- Opening Delimiter -

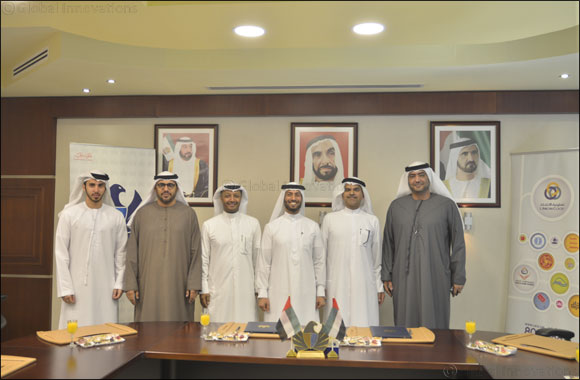 Dubai Customs signs MoU with UNION COOP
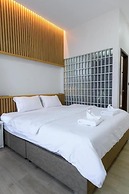 Six elements pool villa khaokho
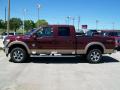 2011 F250 Super Duty Lariat Crew Cab 4x4 #2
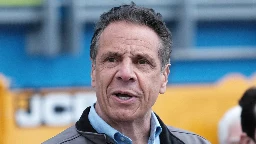 Andrew Cuomo Blames “Cancel Culture on Steroids” for Political Frenzy After Sexual Harassment Allegations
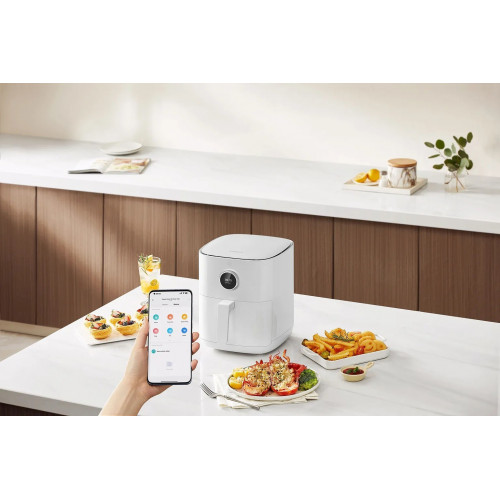 Мультипечь Xiaomi Smart Air Fryer 4.5L BHR8234EU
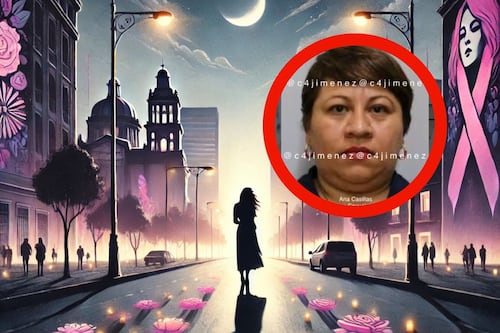 ¿Y la sororidad? Por este ‘motivo’ la fiscal de delitos sexuales revictimizó a una mujer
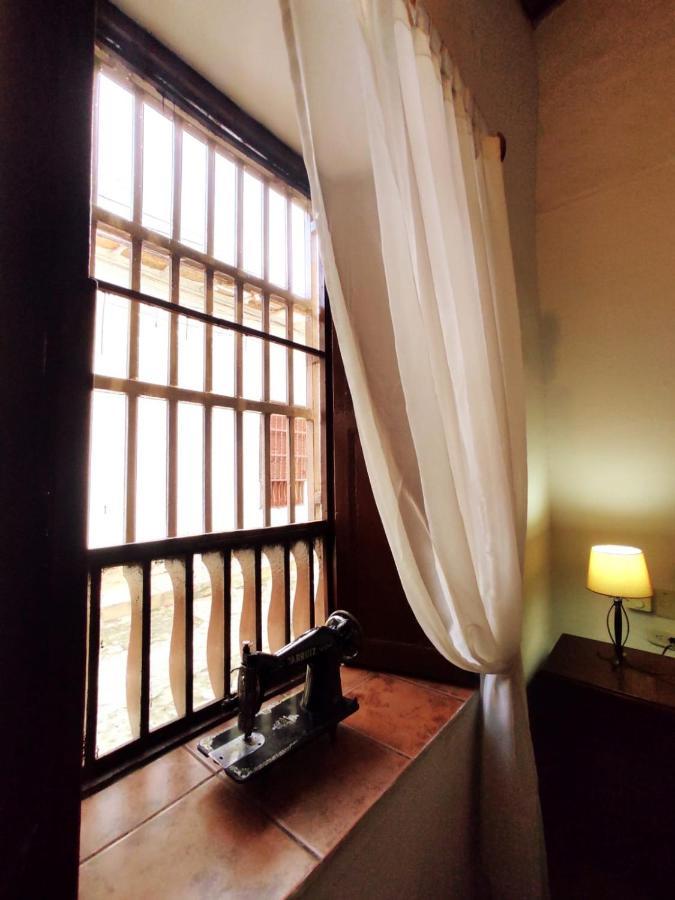 Giron Chill Out Hotel Boutique Exterior foto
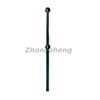 Hot Galvanized Railing Ball Joint Handrail and Stanchion
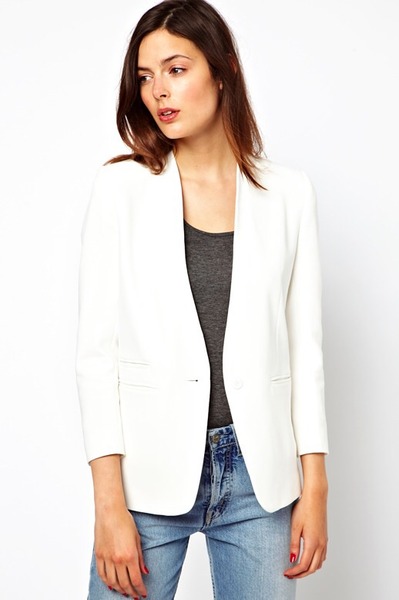 Work wardrobe for the clueless, help!!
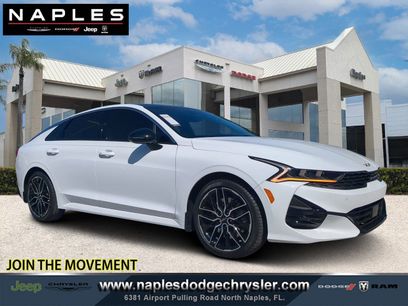 Used 2024 Kia K5 GT w/ GT1 Package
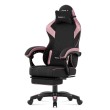 Žaidimų kėdė Force 3.7 Pink Žaidimų kėdė Force 3.7 Pink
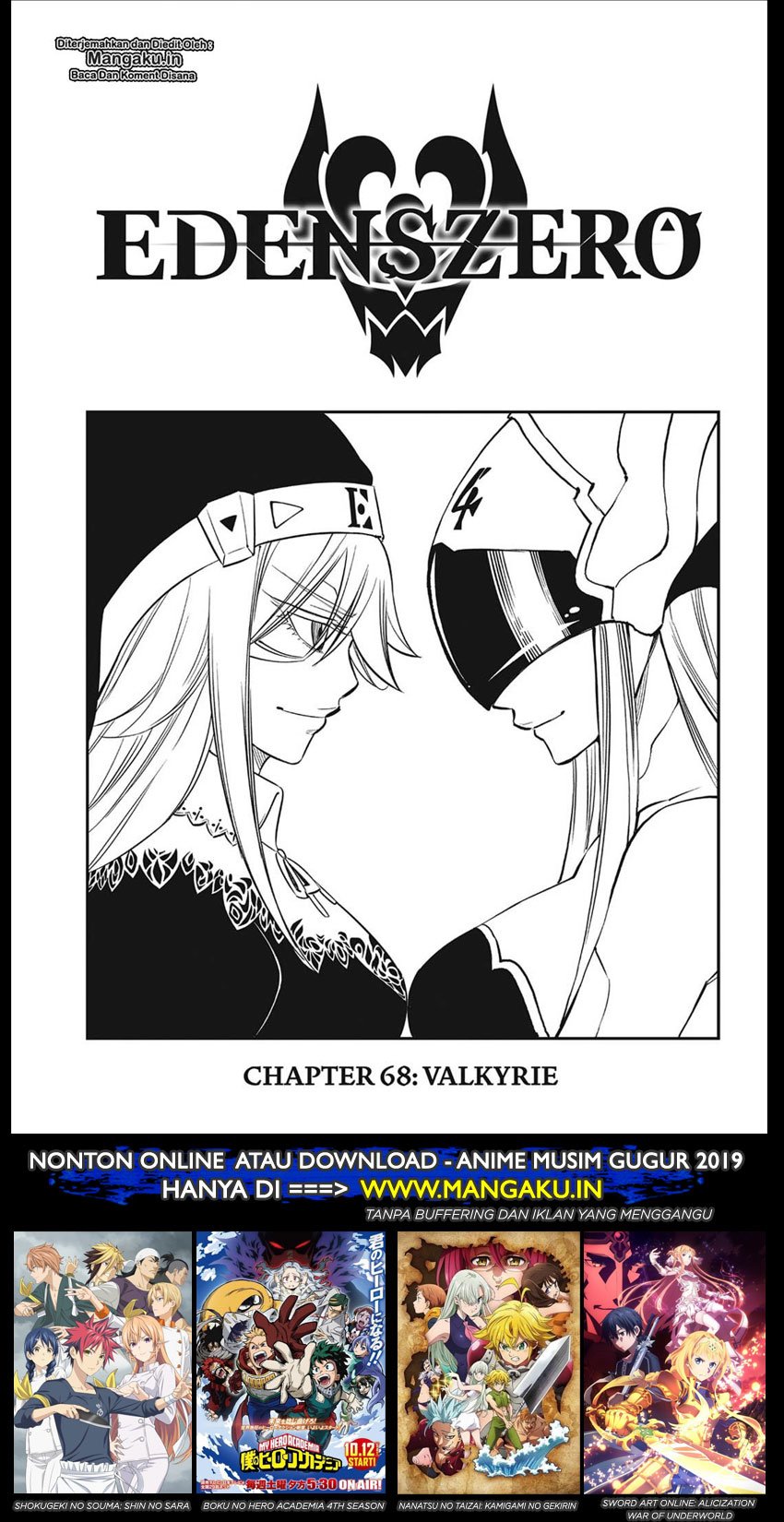 Chapter 68 - halaman 3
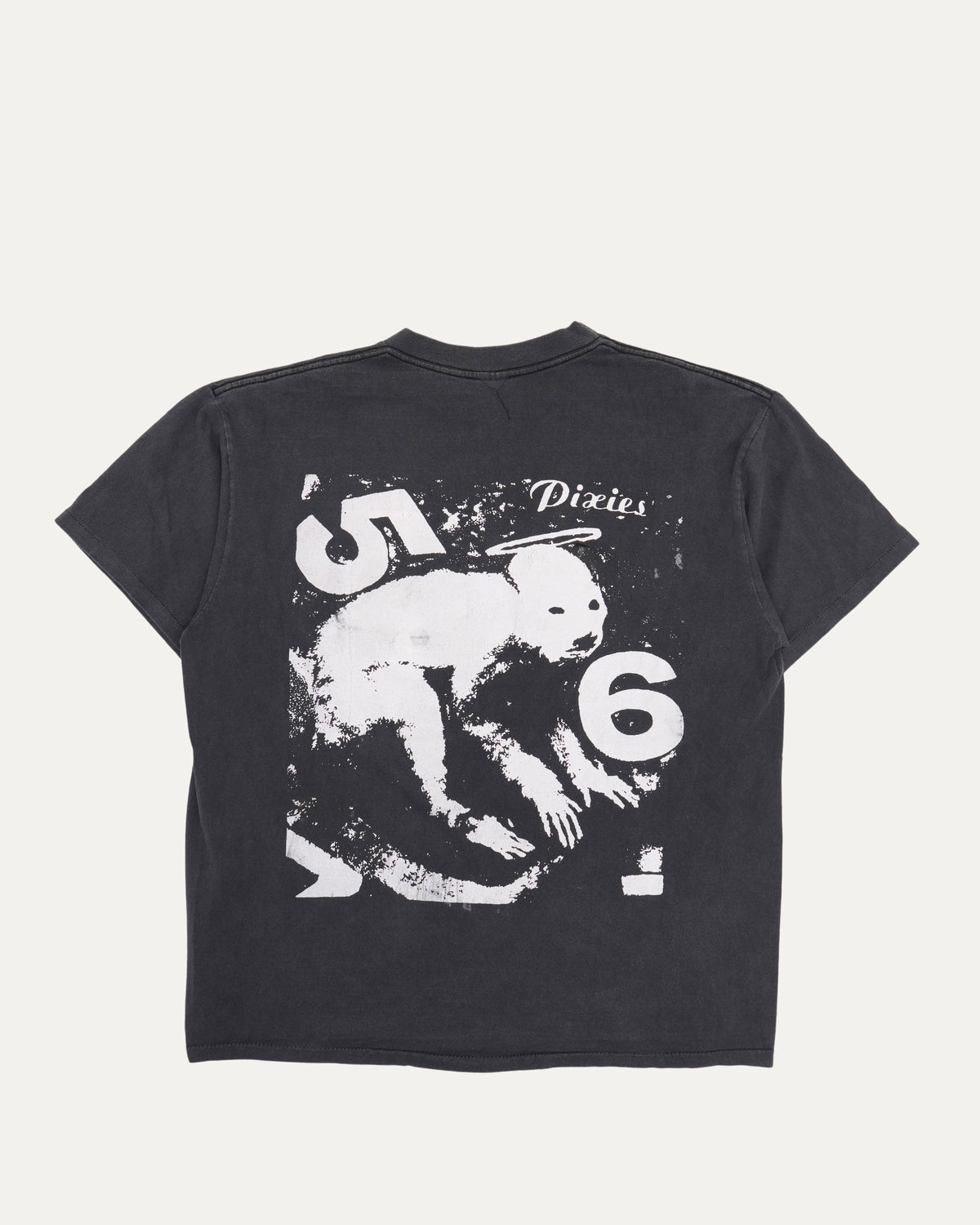 Pixies Here Comes Your Man T-Shirt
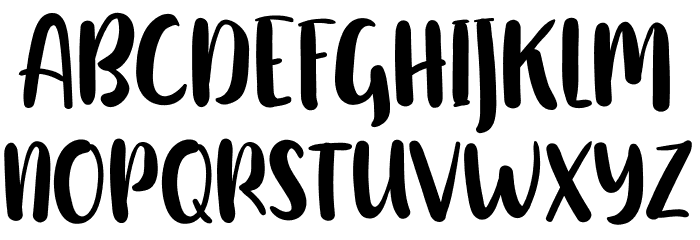 Hellington FREE Font OTHER CHARS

- Closing Delimiter -

The required output is the line containing "Used 2024 Kia K5 GT w/ GT1 Package" plus every line after it to the end of the data, copied exactly and with no pictures.

 Used 2024 Kia K5 GT w/ GT1 Package
 Žaidimų kėdė Force 3.7 Pink Žaidimų kėdė Force 3.7 Pink
 Chapter 68 - halaman 3
 Pixies Here Comes Your Man T-Shirt
 Hellington FREE Font OTHER CHARS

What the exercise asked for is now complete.